(Your goal)
All of the records below are to be output exactly; no image belongs in the result.

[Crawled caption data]
++++++++++++++++++++

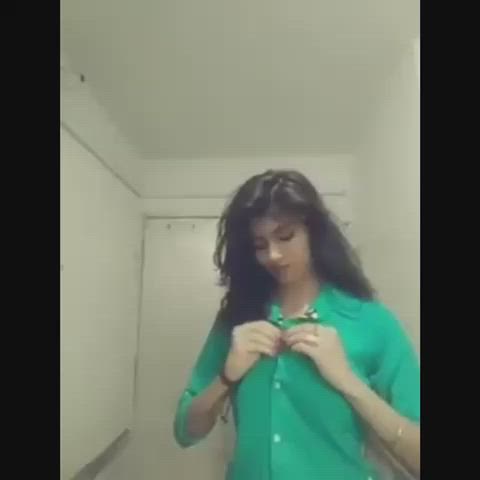 a cute gf full nude video 😍😍😍(full video in comments)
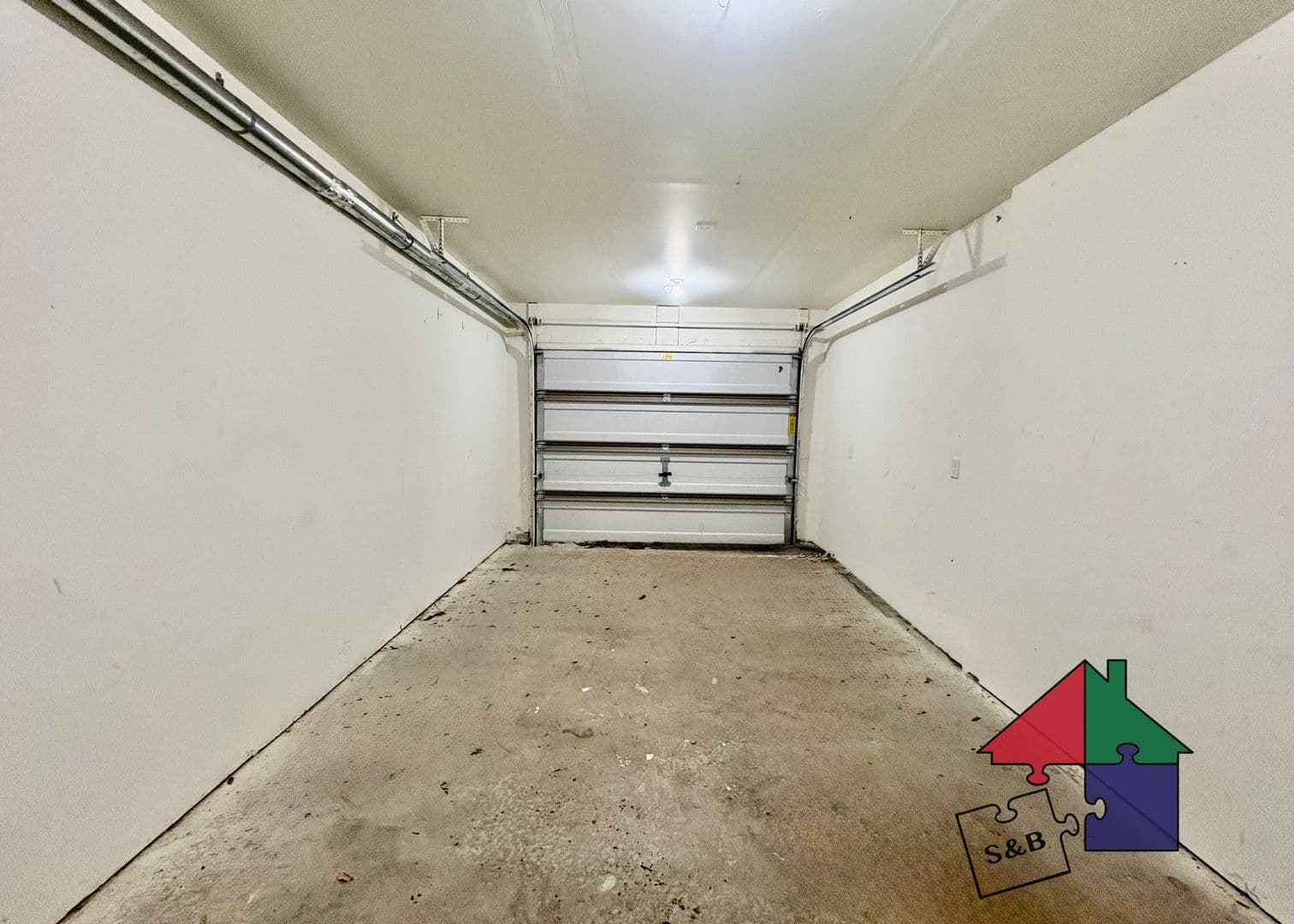 Milton Apartment: 368 US RT 7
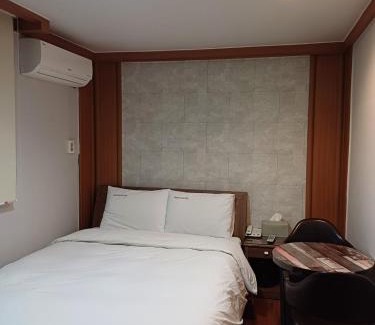 Hwagok-dong Hotel | Gooreumseong motel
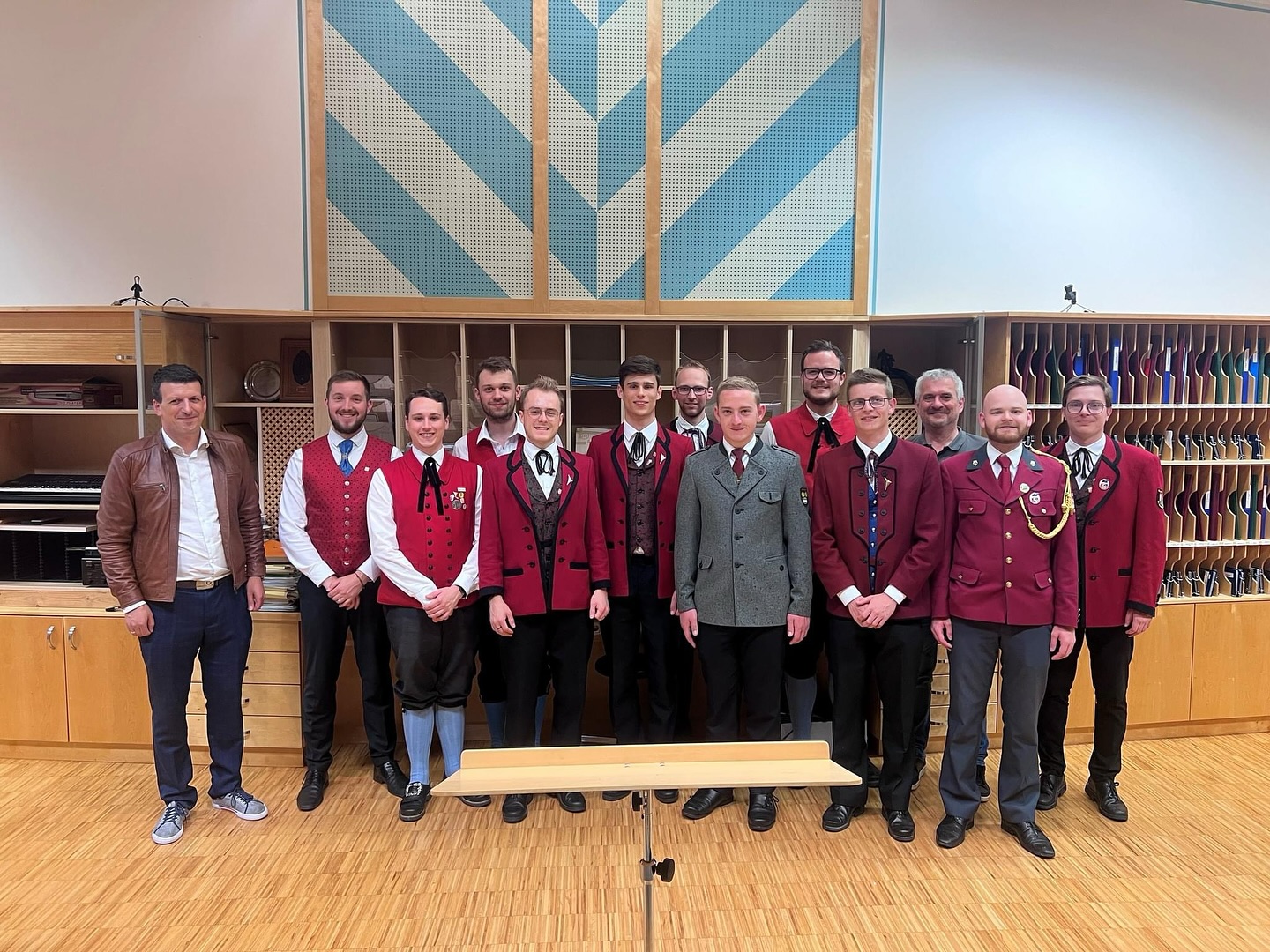 Wir dürfen unseren Trompeter Johannes Brandstetter für den erfolgreich absolvierten Stabführerkurs gratulieren.
In Steyregg und Altenberg fanden kürzlich die Abschlussprüfungen der Stabführer:innen-Neuausbildung des Blasmusik-Bezirkes Urfahr-Umgebung statt.
Unter der Leitung unseres Bezirksstabführerreferates (Markus Schmaranzer und Adi Schartner) wurde in insgesamt 5 Kursabenden neben dem Theorieteil der komplette Pflichtteil der Marschwertung (Leistungsstufe D) einstudiert. Zur Abschlussprüfung marschierte jede:r Teilnehmer:in das komplette D-Programm und wurde dafür bewertet. Alle 21 Teilnehmer:innen haben die Prüfung erfolgreich bestanden 👏🏼🎉
#stabführer #stabführerkurs #bezirkuu #urfahrumgebung #blasmusikverband #mvherzogsdorf #herzogsdorf #marschieren #musik #oberösterreich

++++++++++++++++++++

(Response below)
 a cute gf full nude video 😍😍😍(full video in comments)
 Milton Apartment: 368 US RT 7
 Hwagok-dong Hotel | Gooreumseong motel
 Wir dürfen unseren Trompeter Johannes Brandstetter für den erfolgreich absolvierten Stabführerkurs gratulieren.
In Steyregg und Altenberg fanden kürzlich die Abschlussprüfungen der Stabführer:innen-Neuausbildung des Blasmusik-Bezirkes Urfahr-Umgebung statt.
Unter der Leitung unseres Bezirksstabführerreferates (Markus Schmaranzer und Adi Schartner) wurde in insgesamt 5 Kursabenden neben dem Theorieteil der komplette Pflichtteil der Marschwertung (Leistungsstufe D) einstudiert. Zur Abschlussprüfung marschierte jede:r Teilnehmer:in das komplette D-Programm und wurde dafür bewertet. Alle 21 Teilnehmer:innen haben die Prüfung erfolgreich bestanden 👏🏼🎉
#stabführer #stabführerkurs #bezirkuu #urfahrumgebung #blasmusikverband #mvherzogsdorf #herzogsdorf #marschieren #musik #oberösterreich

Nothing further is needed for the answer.